We have had a fantastic Northwest berry season this year, but all good things must come to an end. The blueberries, strawberries, blackberries and raspberries are finishing up fast. On a more positive note, we do have fresh “wild Mountain Huckleberries” available, but I wouldn’t wait too long to freeze up your needs for the holiday season. To freeze simply rinse, drain, throw them into a freezer bag and place them in the freezer.
Fresh figs have peaked, although they should be available for a few more weeks. The supply will shrink each week but we will keep fresh figs available as long as possible.
The Turlock melon varieties are all but done, but we will have cantaloupe and honeydew for several more weeks. The orange honeydew (the best tasting of all) will end soon without notice. I’m hopeful we will have them through Sept. 20.
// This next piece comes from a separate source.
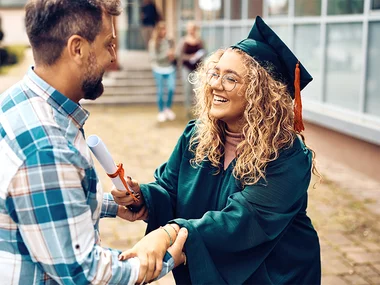 ¡Enhorabuena por tu graduación!: 1 noche, cena, spa o visita a bodega o 2 noches con desayuno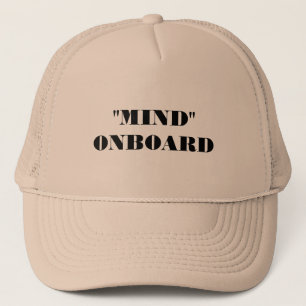 Boné Mente no chapéu do caminhoneiro do Conselho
But all that winding down doesn’t mean you have to give up fresh and seasonal! Northwest apples have started and new varieties arrive each week. Galas started a few weeks ago and we added the Honeycrisp and Jonagold apples over this past week or so. The new crops of Granny Smith, Golden Delicious and Fuji all arrive this next week....
(July 30, 2013) I just returned from a quick visit with our melon growers at Turlock Farms in Turlock, Calif., and I’m happy to announce that the melons are coming into their peak of perfection!
Four generations have grown melons on this farm, which brings nearly 100 years of experience into growing the finest eating melons to be found. It all started with Don’s dad, known as “Cantaloupe Smith,” in 1918. Don Smith, the second generation, was born and raised in Turlock and even though he’s now well into his 80s, he still has his hands in the farm. Steve Smith is th...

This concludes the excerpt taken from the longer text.